SOURCE DATA:
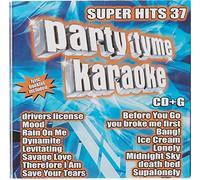 Various Artists - Party TYME Karaoke: Super Hits 37 (Various Artists)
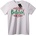 NOONEBRAND Тениска Вярвай - 2XL, White
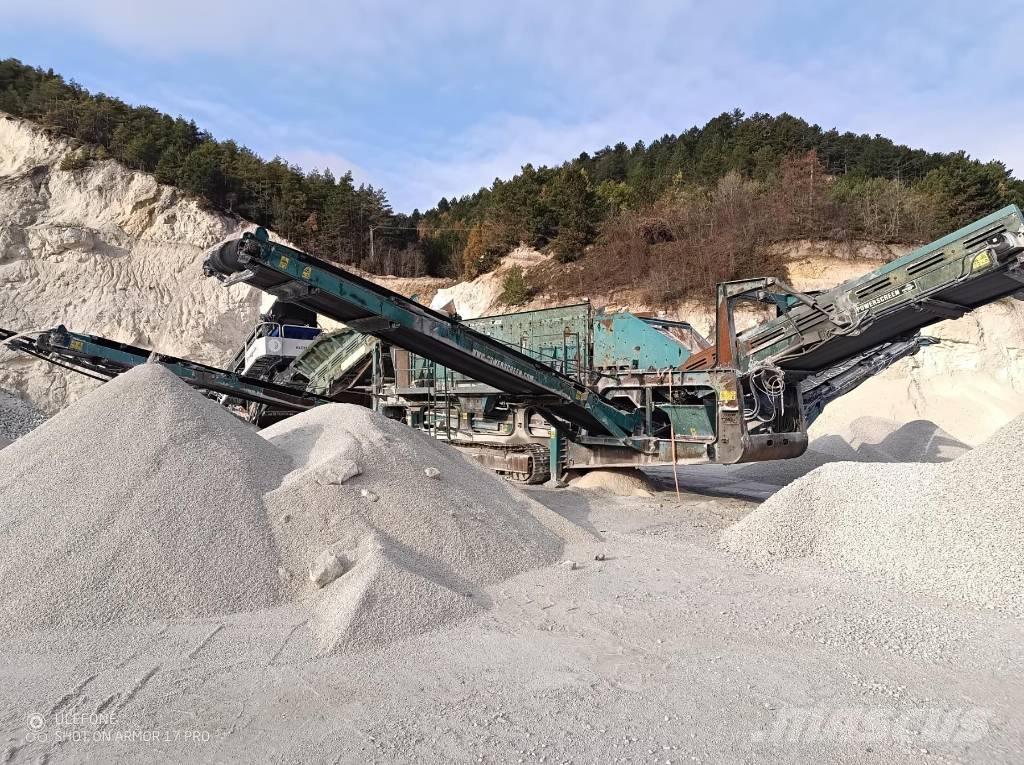 PowerScreen H6203 이동식 선별기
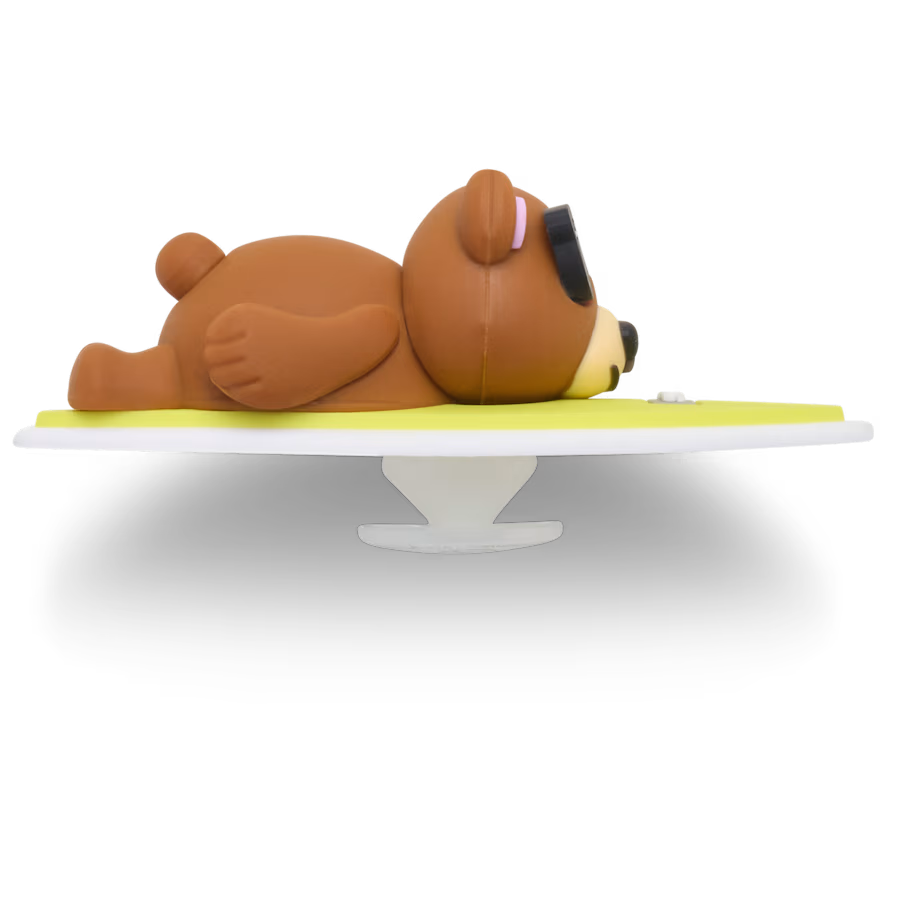 3D Surfing Bear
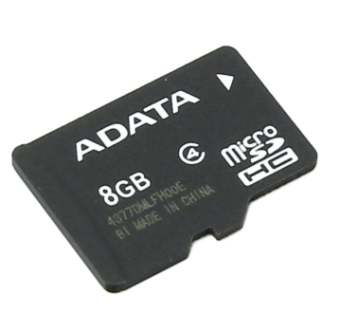 Карта памяти microSD .8Gb A-Data microSDHC CLASS 4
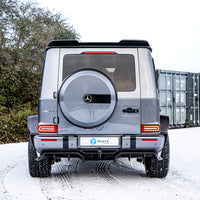 MERCEDES-BENZ 2018-2024 W463 G63 FULL CARBON FIBRE WIDE ARCH KIT V1 - CT DESIGN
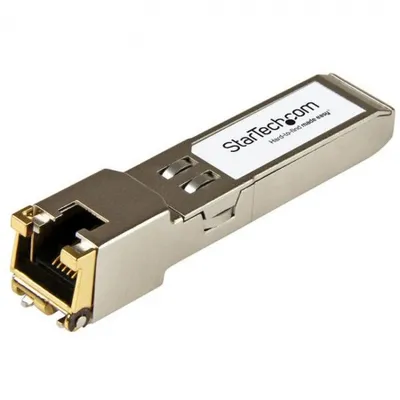Produktbild von Fasermodul SEP+ MultioModo Startech 10301-T-ST RJ-45 1 Gbps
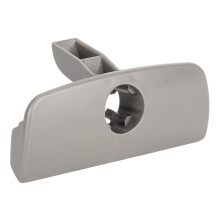 Puxador do porta-luvas para Buick LaCrosse 1998-2005. Encaixe direto, fácil de instalar, construção durável e acabamento cinza.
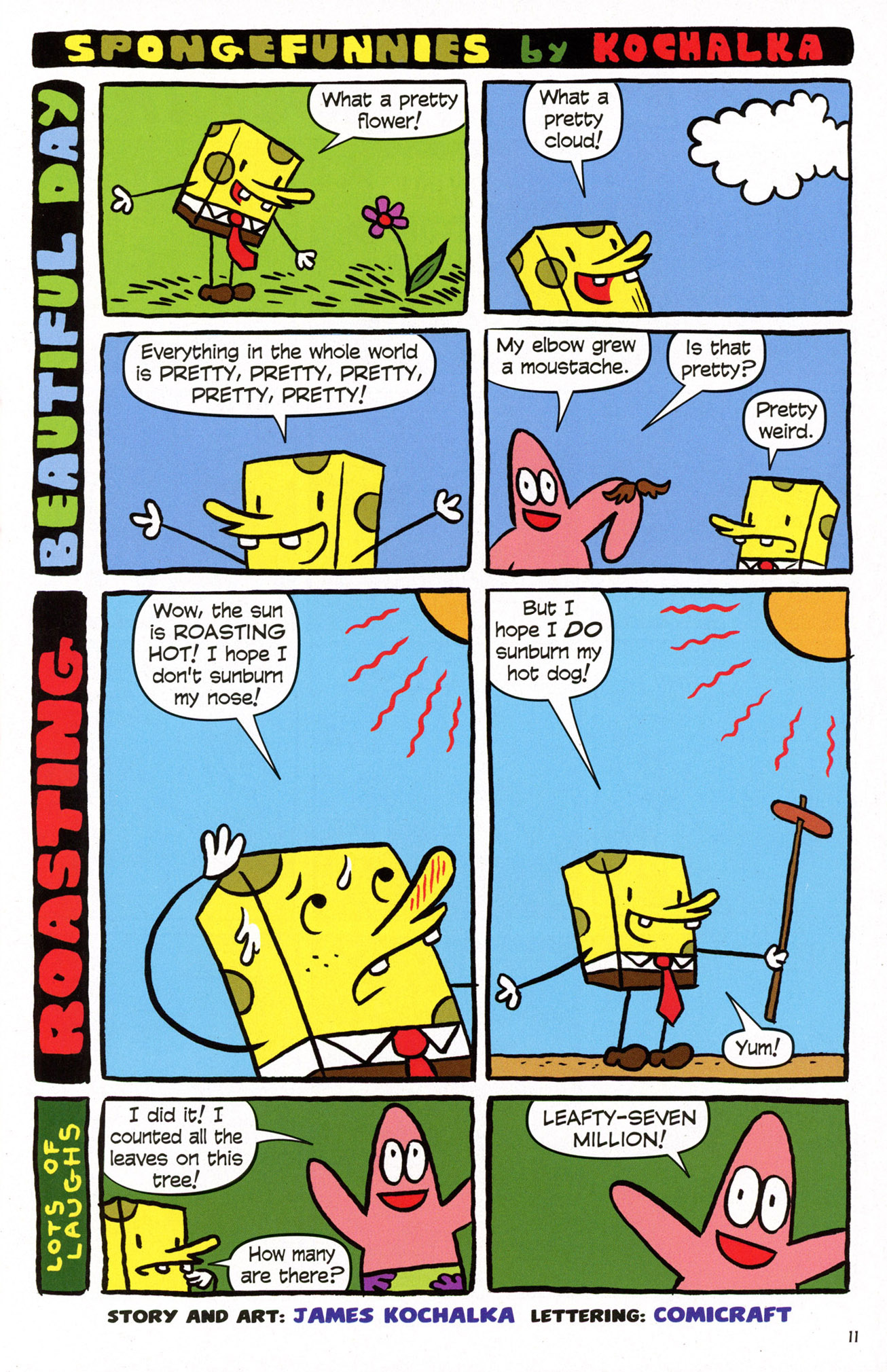 Read online SpongeBob Comics comic -  Issue #23 - 13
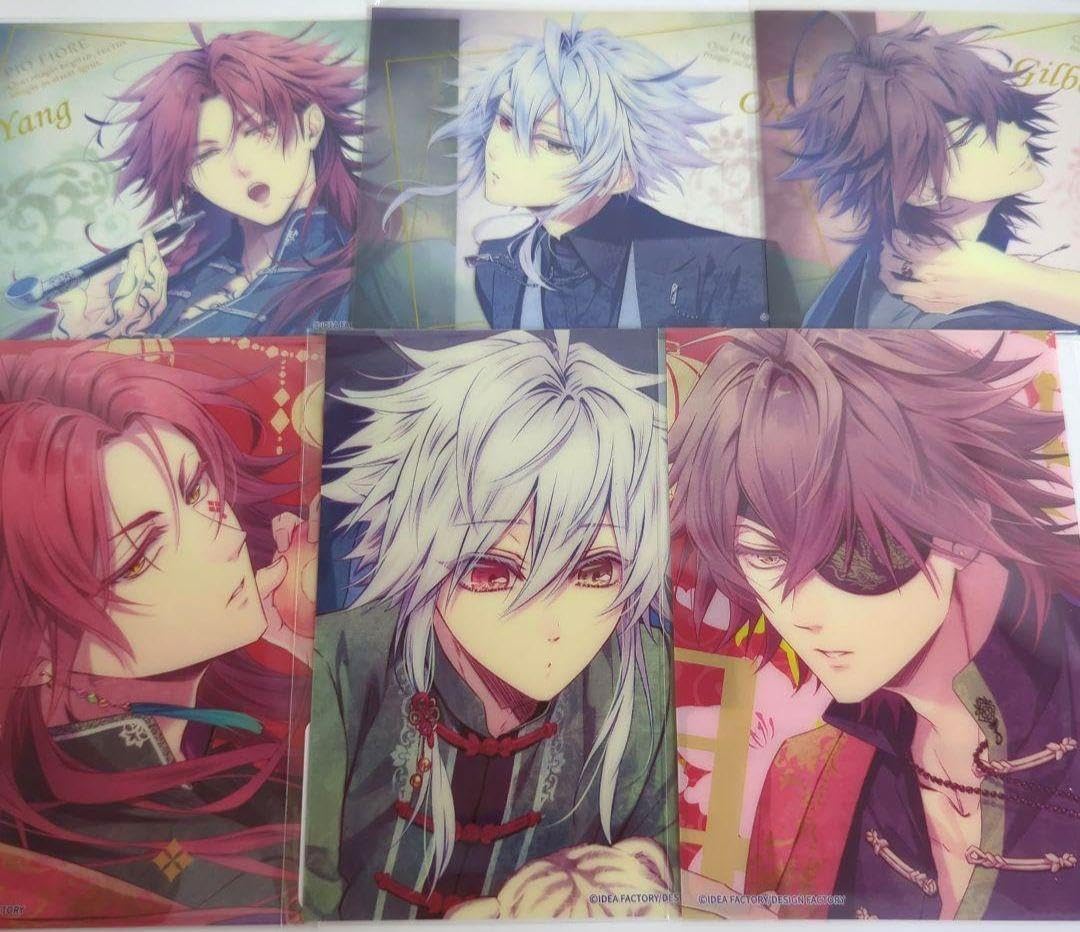 ピオフィオーレの晩鐘 ピオフィ ニコラ まるくじ クリアブロマイド ピオフィオーレの晩鐘 ピオフィ まるくじ 末吉04 クリアブロマイド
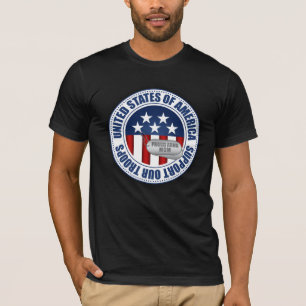 Proud Army National Guard Mam T-shirt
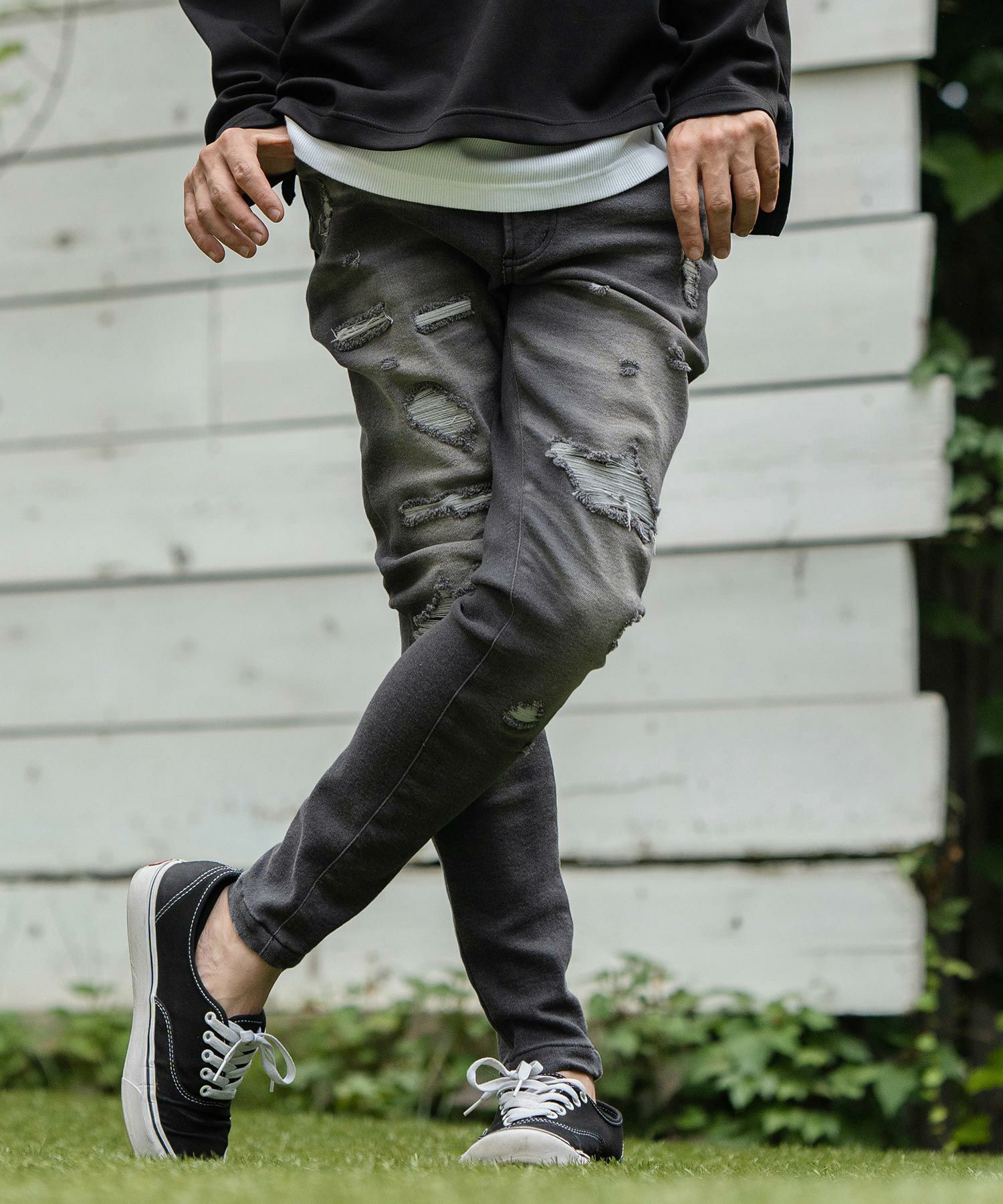 CAMBIO(カンビオ)】11oz Storetch Color Denim Pants カラーデニム 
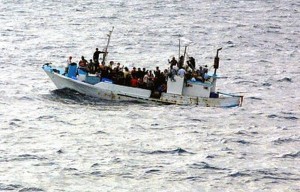 migrant boat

EXERCISE INSTRUCTIONS: Each line from the one that contains "Proud Army National Guard Mam T-shirt" to the end of the listing must be quoted exactly; no other line and no picture belongs in the copy.

SOLUTION BELOW:
 Proud Army National Guard Mam T-shirt
 CAMBIO(カンビオ)】11oz Storetch Color Denim Pants カラーデニム 
 migrant boat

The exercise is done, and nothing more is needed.